Giovanni Pascoli
Giovanni Pascoli (San Mauro di Romagna, 31 dicembre 1855 – Bologna, 6 aprile 1912) è stato un poeta e critico letterario italiano che in gioventù svolse un'intensa militanza nelle fila socialiste ed anarchiche grazie anche alla forte amicizia che lo legava ad Andrea Costa, esponente anarchico di primo piano, che ebbe un ruolo decisivo nell'iniziazione del giovane Pascoli all'ideale anarchico.

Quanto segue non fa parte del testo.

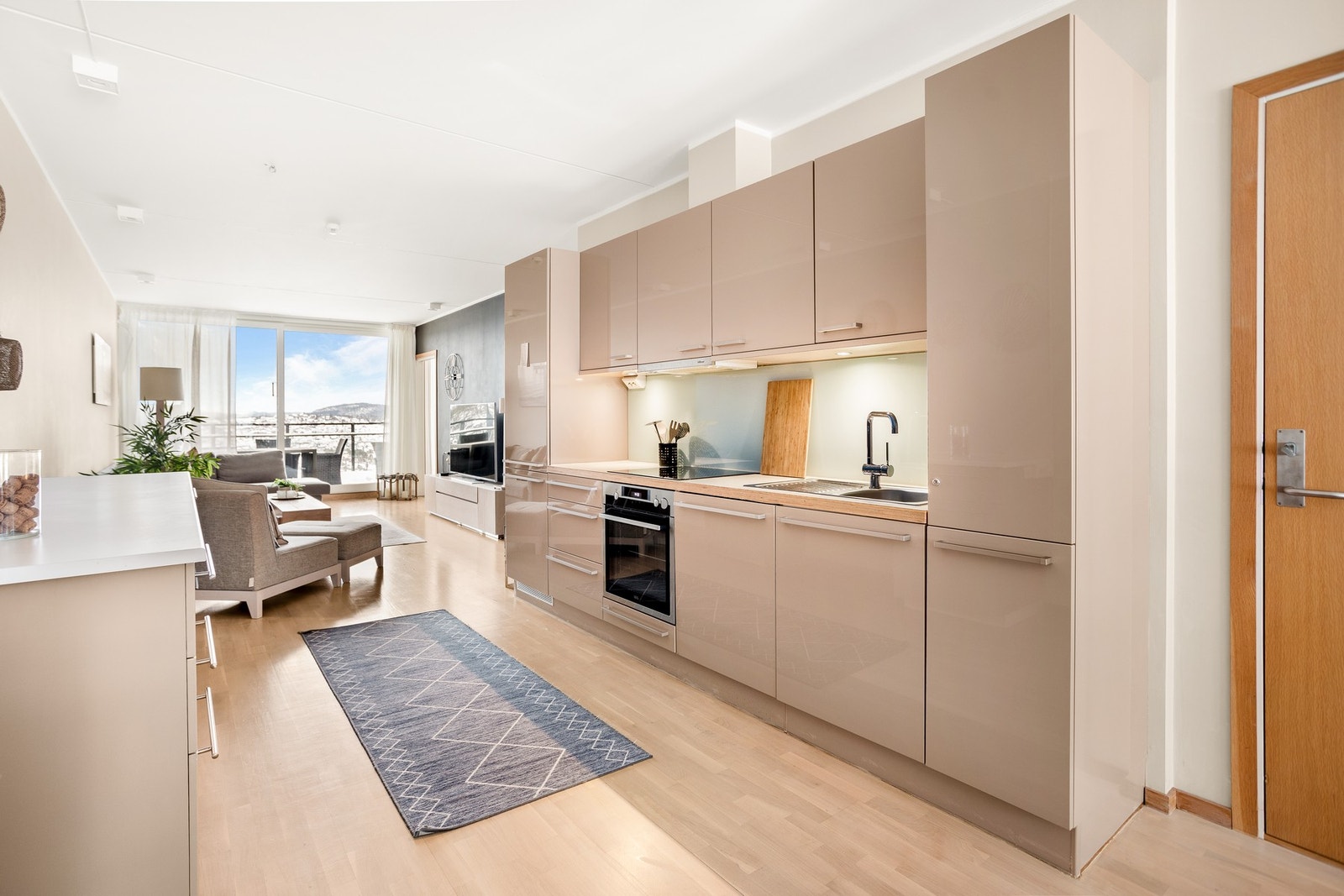 Kjøkkenet fremstår som funksjonelt og stilrent, innredet med hvite, folierte skrog og høyglans MDF-fronter. Galleribilde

Gli anni giovanili e l'anarchismo
Il poeta ebbe i primi contatti con il socialismo già a Rimini, durante gli anni liceali, in una città ricca di fermenti politici: qui conobbe alcuni attivisti con cui strinse amicizia e che lo introdussero negli ambienti dell'Internazionale. Su tale scela di campo potrebbe avere influito la triste videnza personale di Giovanni, il cui padre Ruggero era stato assassinato nel 1867 da sicari rimasti impuniti: la famiglia, colpita anche da altri gravi lutti, aveva subito un declassamento economico e si era ritrovata in gravi difficoltà, tali da spingere Giovanni a nutrire un profondo senso di ingiustizia e oppressione. Fu, però, a Bologna, all'università [1] che il suo impegno politico divenne più concreto: in questa città conobbe, tra gli altri, Andrea Costa (forse nel 1876, dopo un processo per un moto anarchico che lo vide assolto). Insieme a Costa, Pascoli aderì all'Internazionale e sposò la causa dell'anarchismo di Bakunin. Partecipò a riunioni e incontri, scrivendo su un giornale con lo speudonimo di Gianni Schicchi. Le idee socialiste gli ispirarono alcune liriche, come La morte del ricco [2] (in cui un facoltoso moribondo è assediato dai fantasmi dei poveri che ha vessato), da cui emerge una forte critica di classe. Nel 1876 a Pascoli venne tolta la borsa di studio, che gli venne tolta per aver fischiato il ministro dell'istruzione Bonghi durante una visita all'università. Dovette interrompere gli studi. Furono anni difficili: molti suoi compagni furono arrestati e lo stesso Costa dovette riparare all'estero (anche con l'aiuto di Giovanni). Nel 1878 ci fu l'attentato al re Umberto I, in visita a Napoli, ad opera dell'anarchico Giovanni Passannante: a Pascoli fu attribuita un'ode [3] che inneggiava al gesto dell'uomo, anche se la sorella Maria negò in seguito questa paternità. Nel 1879 il poeta venne però arrestato per aver partecipato a una protesta a favore di alcuni anarchici sotto processo, accusati di aver manifestatoa favore di Passannante. Pascoli avrebbe gridato la frase: «Se questi sono i malfattori, viva i malfattori!». Venne incarcerato per tre mesi, venendo alla fine rilasciato dopo una piena assoluzione. La prigionia fu molto dura e lasciò segni profondi sul suo animo, acuendo probabilmente quel senso di ingiustizia che si portava dentro dall'infanzia.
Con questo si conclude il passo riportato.